> **DIRECTIONS**
Reproduce the records below in full and exactly, without their images.

> **ENTRIES SHOWN**
● ● ● ● ●
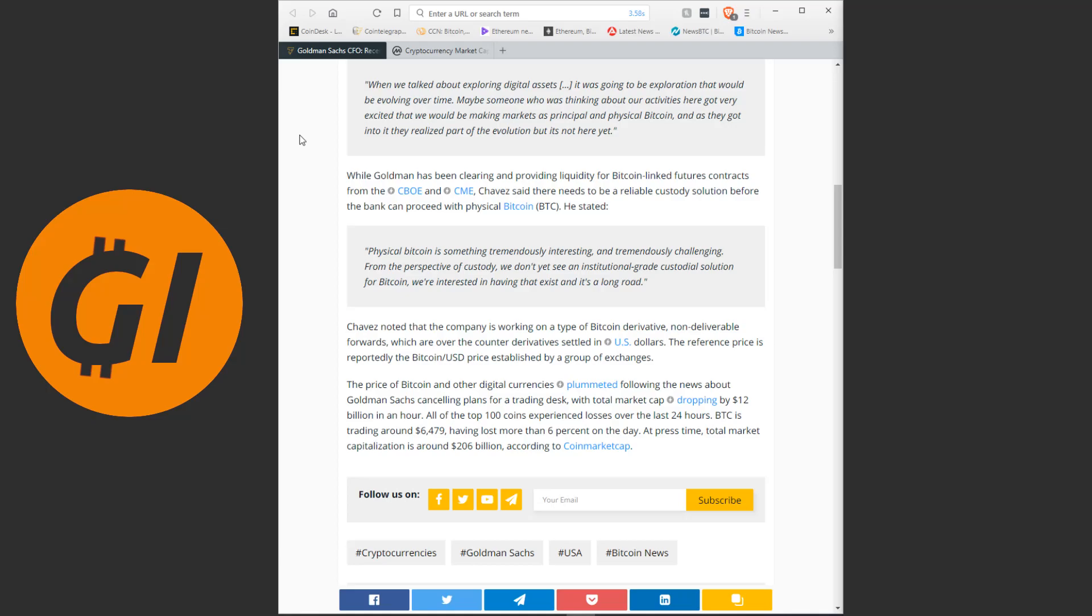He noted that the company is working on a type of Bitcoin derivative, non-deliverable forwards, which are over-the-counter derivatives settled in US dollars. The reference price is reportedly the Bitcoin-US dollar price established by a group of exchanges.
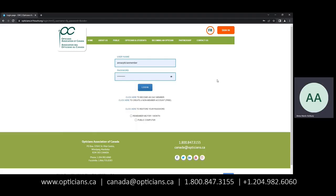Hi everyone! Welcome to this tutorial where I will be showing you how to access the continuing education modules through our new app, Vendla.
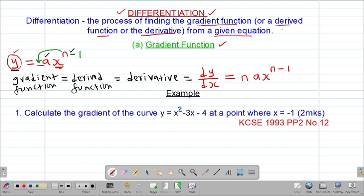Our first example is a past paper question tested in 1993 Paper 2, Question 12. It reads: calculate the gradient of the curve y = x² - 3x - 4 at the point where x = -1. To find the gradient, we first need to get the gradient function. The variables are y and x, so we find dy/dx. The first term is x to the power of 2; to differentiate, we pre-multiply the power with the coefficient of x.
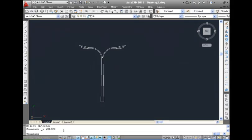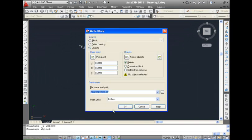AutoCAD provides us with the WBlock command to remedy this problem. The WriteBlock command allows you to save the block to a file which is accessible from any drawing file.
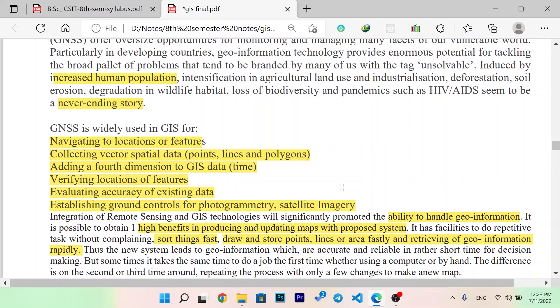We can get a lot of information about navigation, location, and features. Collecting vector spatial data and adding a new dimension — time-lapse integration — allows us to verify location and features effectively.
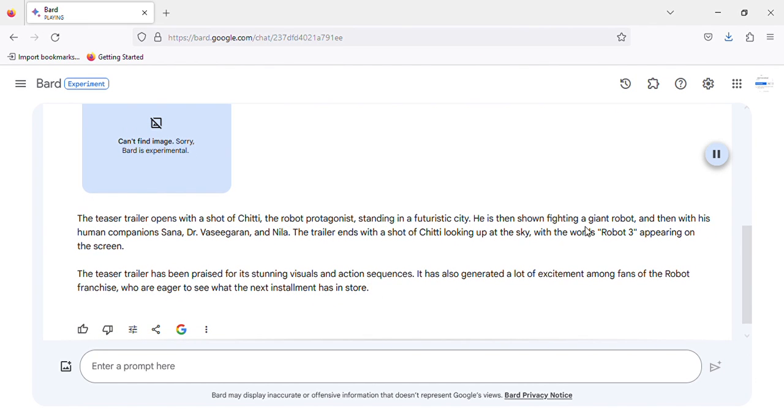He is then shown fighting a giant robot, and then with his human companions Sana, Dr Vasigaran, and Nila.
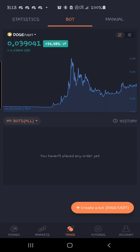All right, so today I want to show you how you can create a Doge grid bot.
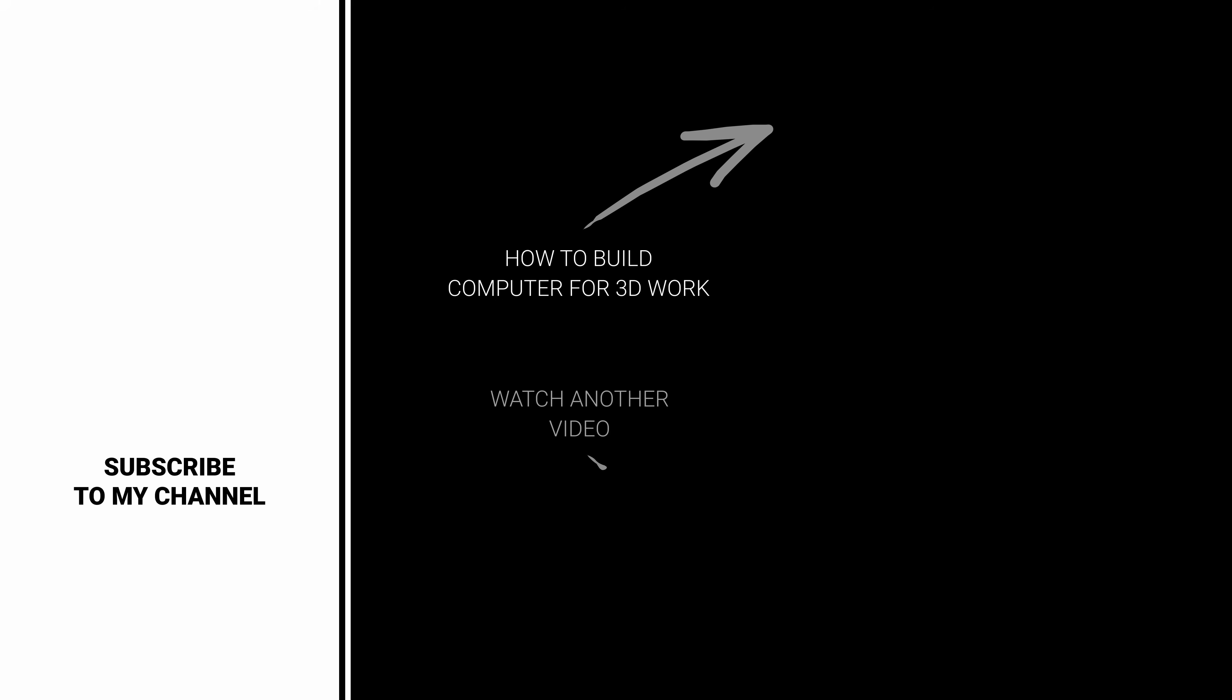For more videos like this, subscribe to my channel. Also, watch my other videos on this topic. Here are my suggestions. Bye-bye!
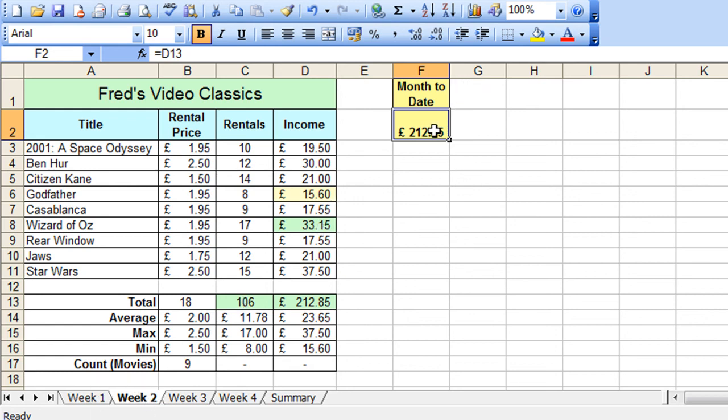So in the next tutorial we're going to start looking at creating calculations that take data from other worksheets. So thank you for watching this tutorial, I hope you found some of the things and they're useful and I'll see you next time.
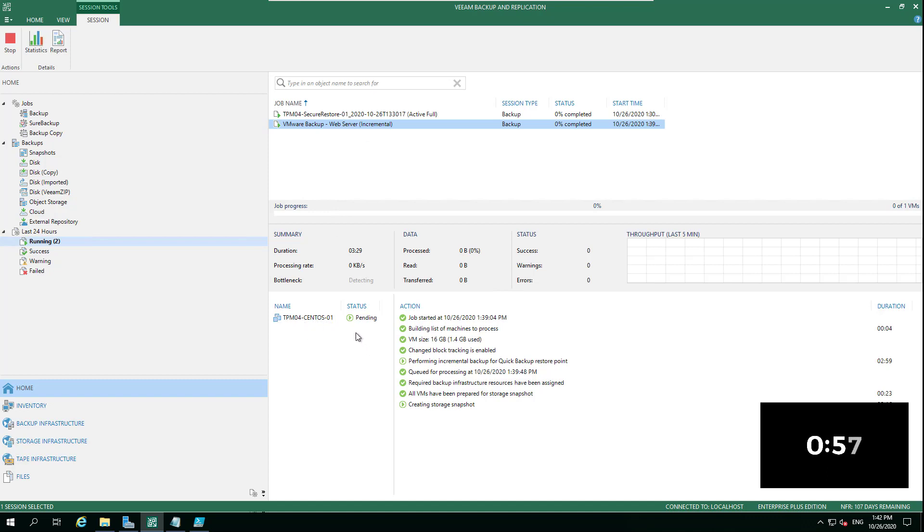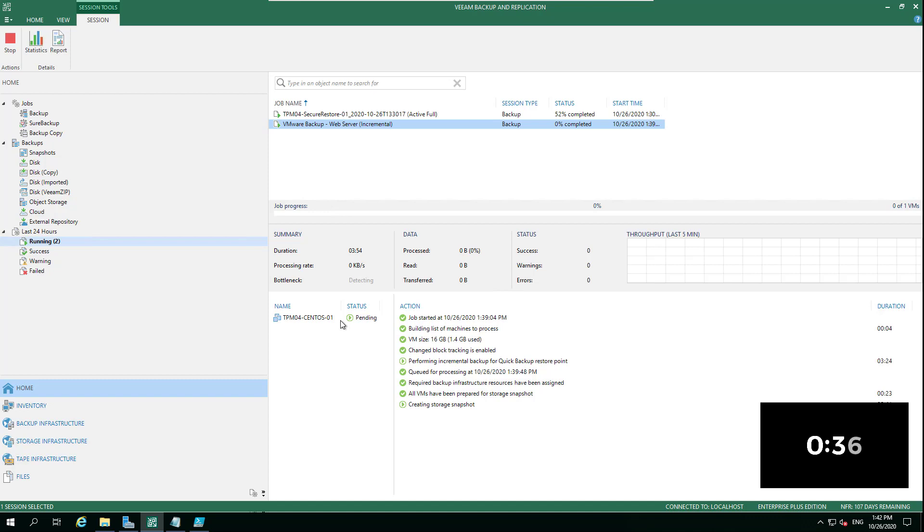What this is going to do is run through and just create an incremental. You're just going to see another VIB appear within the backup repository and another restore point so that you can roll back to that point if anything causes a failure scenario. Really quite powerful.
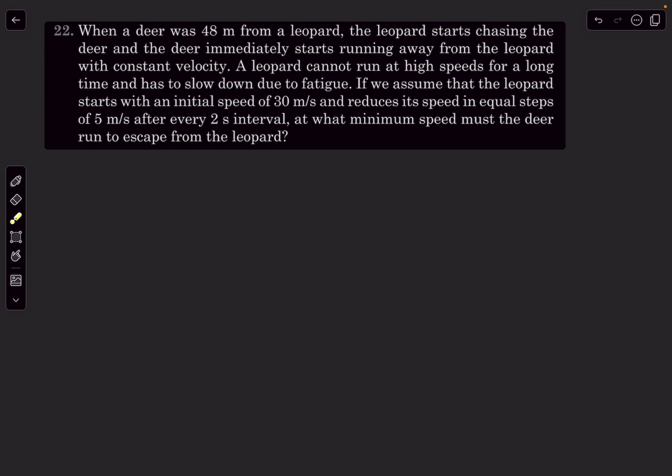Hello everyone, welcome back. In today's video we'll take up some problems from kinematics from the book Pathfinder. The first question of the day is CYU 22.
● ● ● ● ●
> **PROBLEM SOLUTION**
He noted that the company is working on a type of Bitcoin derivative, non-deliverable forwards, which are over-the-counter derivatives settled in US dollars. The reference price is reportedly the Bitcoin-US dollar price established by a group of exchanges.
Hi everyone! Welcome to this tutorial where I will be showing you how to access the continuing education modules through our new app, Vendla.
Our first example is a past paper question tested in 1993 Paper 2, Question 12. It reads: calculate the gradient of the curve y = x² - 3x - 4 at the point where x = -1. To find the gradient, we first need to get the gradient function. The variables are y and x, so we find dy/dx. The first term is x to the power of 2; to differentiate, we pre-multiply the power with the coefficient of x.
AutoCAD provides us with the WBlock command to remedy this problem. The WriteBlock command allows you to save the block to a file which is accessible from any drawing file.
We can get a lot of information about navigation, location, and features. Collecting vector spatial data and adding a new dimension — time-lapse integration — allows us to verify location and features effectively.
He is then shown fighting a giant robot, and then with his human companions Sana, Dr Vasigaran, and Nila.
All right, so today I want to show you how you can create a Doge grid bot.
For more videos like this, subscribe to my channel. Also, watch my other videos on this topic. Here are my suggestions. Bye-bye!
So in the next tutorial we're going to start looking at creating calculations that take data from other worksheets. So thank you for watching this tutorial, I hope you found some of the things and they're useful and I'll see you next time.
What this is going to do is run through and just create an incremental. You're just going to see another VIB appear within the backup repository and another restore point so that you can roll back to that point if anything causes a failure scenario. Really quite powerful.
Hello everyone, welcome back. In today's video we'll take up some problems from kinematics from the book Pathfinder. The first question of the day is CYU 22.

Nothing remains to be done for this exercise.